Neither of the smugglers felt compelled to fight. They threw their blades down and lay on the ground at Raisho’s direction.
As if untouched by the smoke, Craugh walked to the middle of the ledge. He took off his pointy hat and pulled the crossbow quarrel from it. With the hat back on his head, he glared at the smoke. He spoke arcane words in a guttural voice thickened by the smoke, then lifted his staff. Emerald embers swirled around the end of his staff, then darted out into the center of the smoke mass gathered at the ceiling.
Coughing and struggling to breathe, Juhg clambered down from the crates. His lungs felt like they were on fire, and it seemed like coals burned in his eyes.
Slowly at first, but with gathering speed, the emerald embers began a circular motion. As the speed increased, a funnel formed and the smoke was sucked up toward the opening in the third floor.
Moving so that he could see better, Juhg watched as the smoke slid up through vents in the third floor ceiling.
Craugh turned his attention to the flaming pitch still burning across
the surface of the water below. The funnel elongated, reaching over the ledge and snaking down to the flames, then pulled them up through the third floor ceiling as well.

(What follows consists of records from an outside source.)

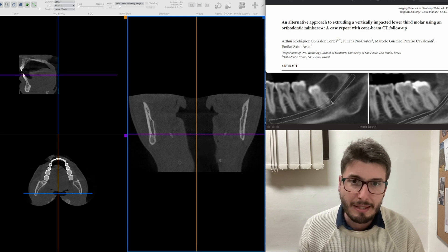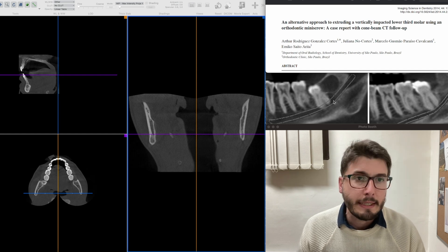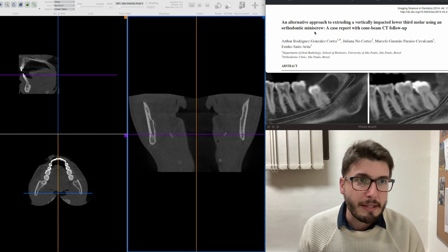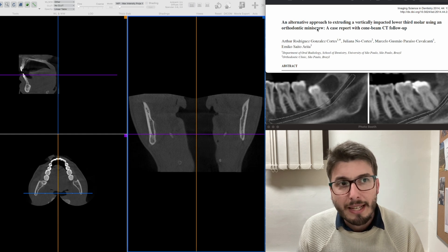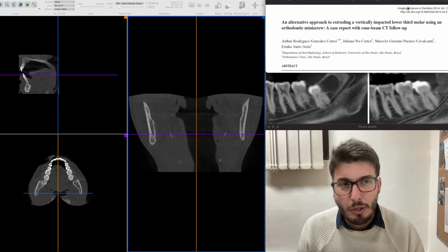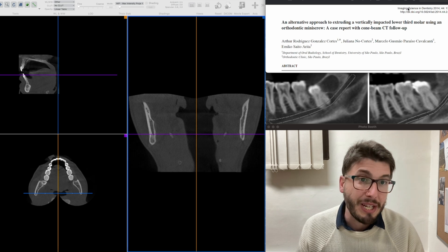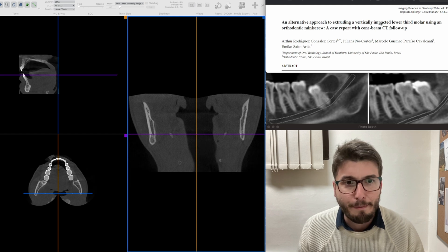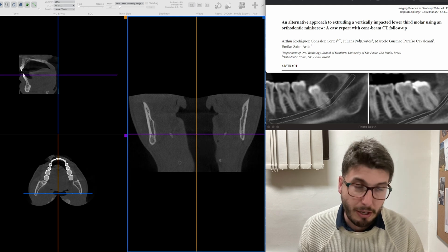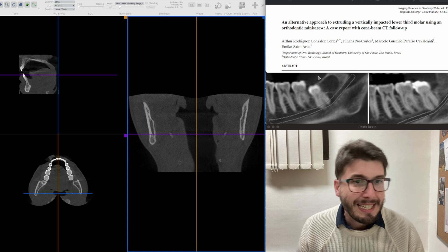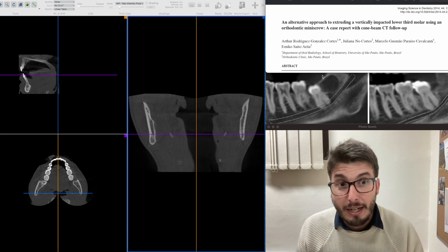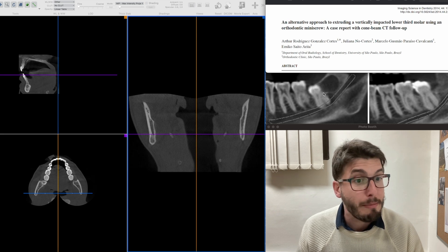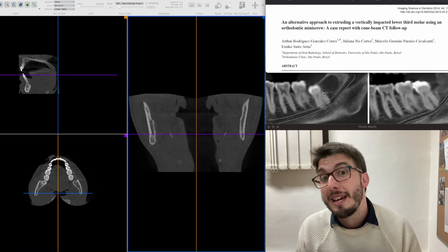I am recommending an article published by myself in the Image and Science in Dentistry journal. It is from 10 years ago but still valid for learning how to plan the surgical extraction of a lower third molar. In this case there was a lesion — a hypodense lesion in 3D — associated with the third molar.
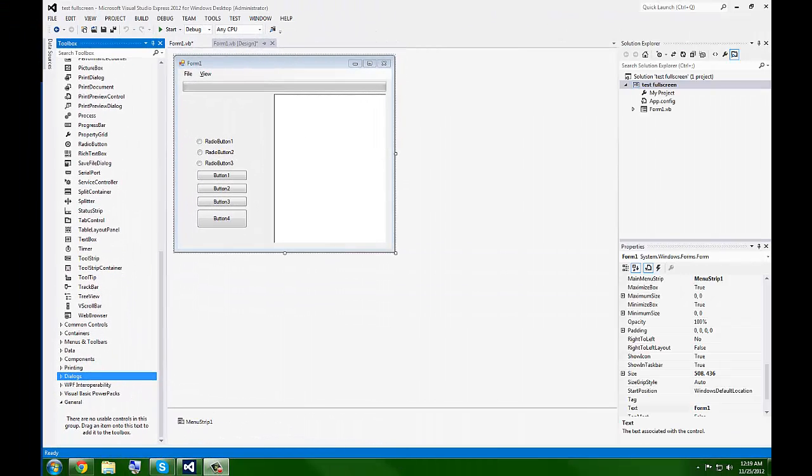What's up guys? Today I'm going to be showing you how to make your VB form full screen. Now this is a question I've gotten quite a bit recently for some reason, but it's actually fairly simple to do.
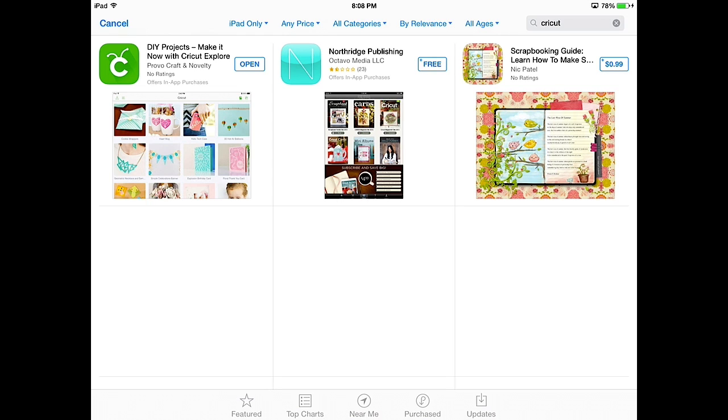So, to download it, you would tap the free button, and if you haven't downloaded anything recently, it'll ask for your App Store password, just to verify. Once you've verified, it'll download it, and then you'll see an open button. But normally you're gonna launch it from the icon, so I'm gonna go back to the home screen and launch the DIY Projects app.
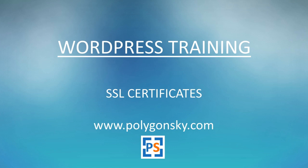Hi, this is Steve with PolygonSky.com. We're now going to look at adding a security certificate to our website.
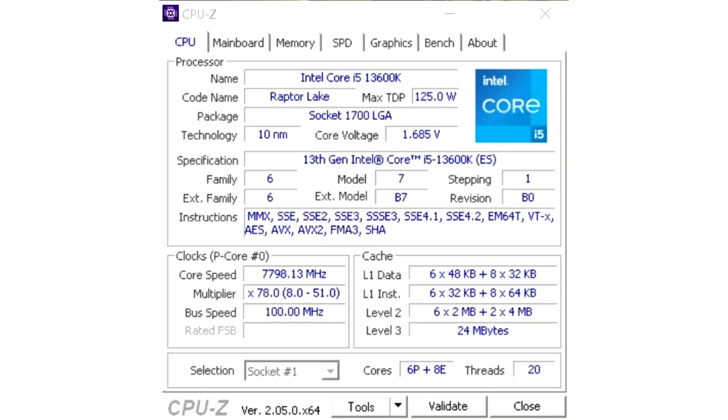In this mode, it kept 14 cores—6 performance plus 8 economy cores—and 20 threads active.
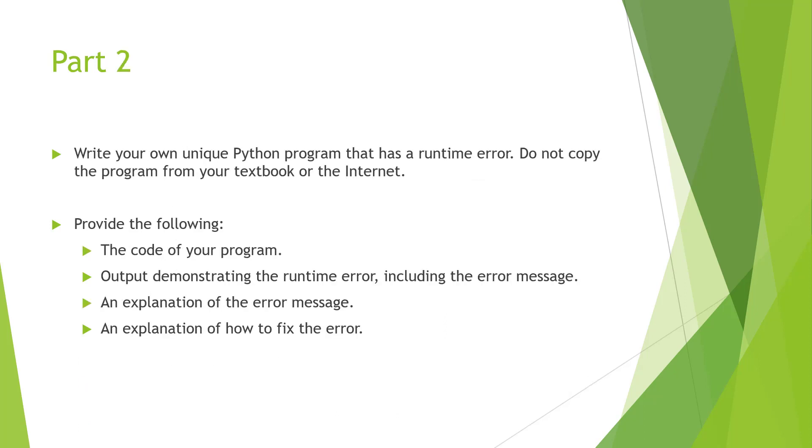Part two, we're going to be writing a Python program that has a runtime error. Don't copy this from the book, try to make your own.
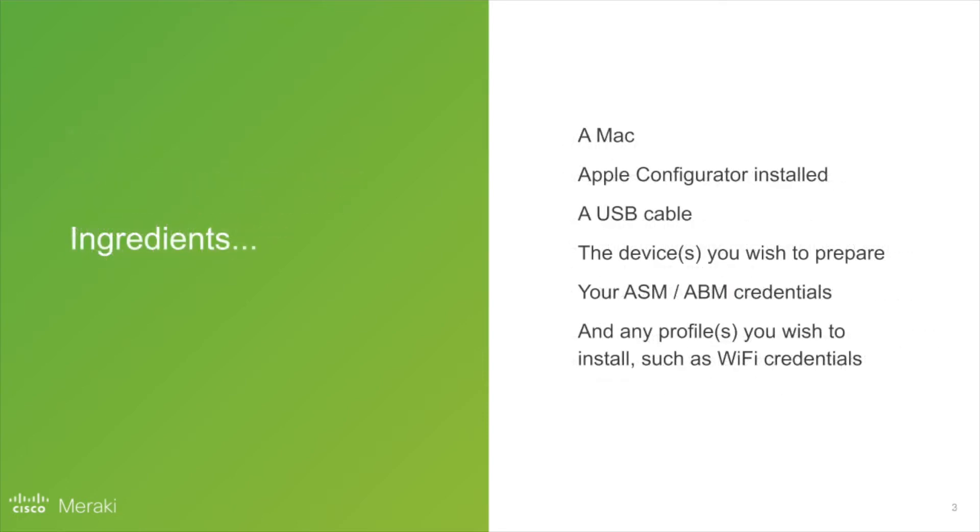So what do you need to achieve this? Well, you'll need a Mac, the latest version of Apple Configurator installed, a USB cable, the device or devices you wish to prepare, your Apple School or Apple Business Manager credentials, and any profiles that you wish to install, such as Wi-Fi.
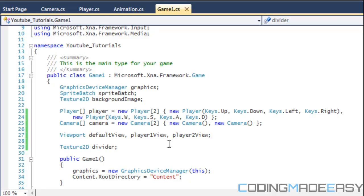So let us get into the code. The way viewports are going to work is that the first player is going to take the left half of the screen and the second player is going to control the right half of the screen. Both views are going to draw both players, but the first view is going to follow the first player and the second view is going to follow the second player, so it's like both players are on the same map but viewing different portions depending on where they are.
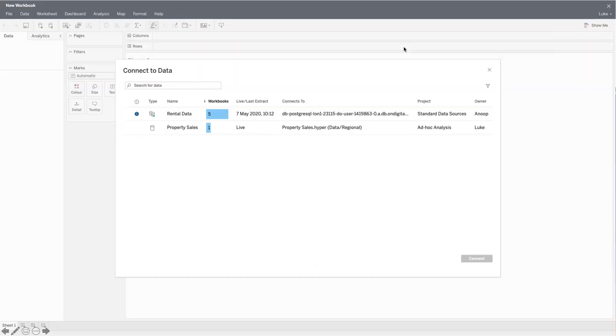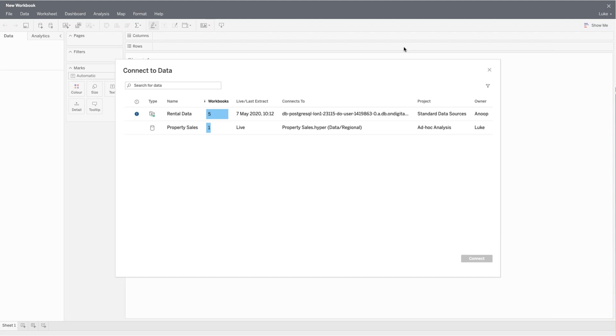You might also see these connections to published data sources within the Tableau web edit view. This is another view where, rather than create a dashboard using Tableau Desktop, I've chosen to create this dashboard using Tableau Server's web edit functionality. This is something that is available to users if you have Explorer licenses for Tableau Server that don't necessarily need the full Creator license.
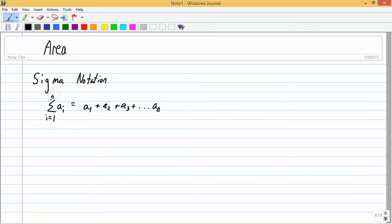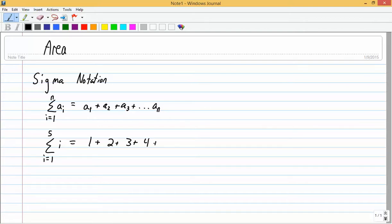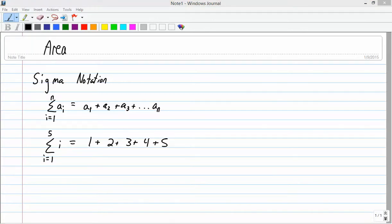Whatever number you have on top is where you stop. For example, if I had sigma i equals 1 to 5 of just i, then that would be equal to 1 plus 2 plus 3 plus 4 plus 5. That's how it's represented. I just want you to understand the notation. Whatever you have after your Greek letter sigma is your function, and you just plug the numbers in from the bottom to the top value.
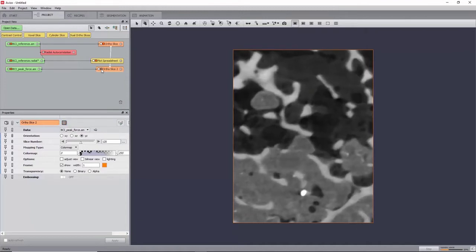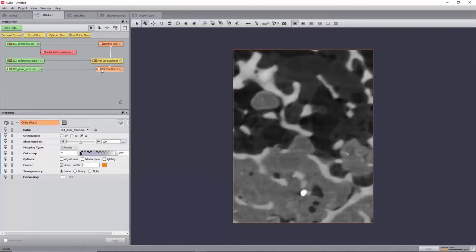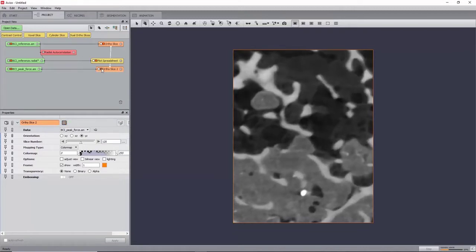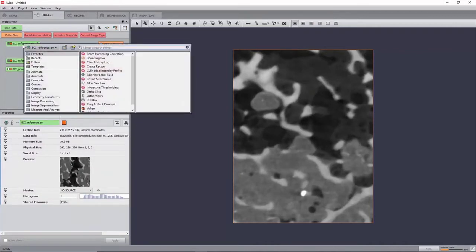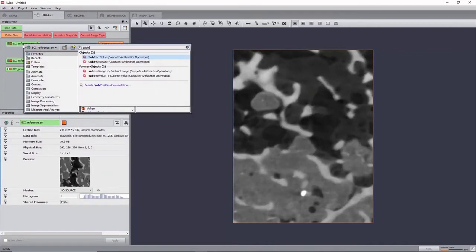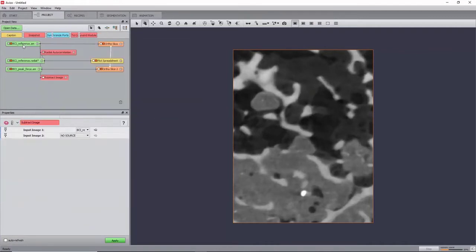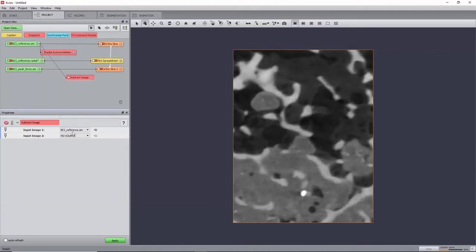In order to estimate the maximum displacement in this image, and because the images have been pre-aligned, we can just subtract one by the other using a subtract image module. Create it on the reference image, and select the deformed image as input 2. Now click Apply.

As the fire left the building, the room grew steadily darker.
“Apprentice,” Craugh said. “There are lanterns in those crates. It might be an idea if you lit some of them before we end up in the dark.”
His lungs and eyes already feeling better, though he’d just noticed that he’d abraded his fingers with all his clever scampering along the ledge, Juhg went to get the lanterns.
Dead End
A
s it turned out, the spiders’ venom wasn’t lethal, but it did deliver a long-lasting paralysis.
In the lantern light, Juhg examined one of the spiders killed by the fire as he listened to Craugh’s interrogation of the smuggler leader, Dusen. He thought the spiders might have been kin to the strider spiders that commonly lived in the area in pools of water. Or perhaps they were kin to the coffin spiders that lived in the woods along the mainland and sometimes ended up floating in spider eggs into Imarish.
Only strider spiders weren’t as big as his fist like these were, and coffin spiders were known to kill a grown person with a single bite. Glancing at the swelling on the smuggler leader’s scarred face, Juhg judged that the bites were necrotic and would probably leave cherry-sized pits in the flesh that might never heal properly. The effect was not going to improve Dusen’s already ragged features.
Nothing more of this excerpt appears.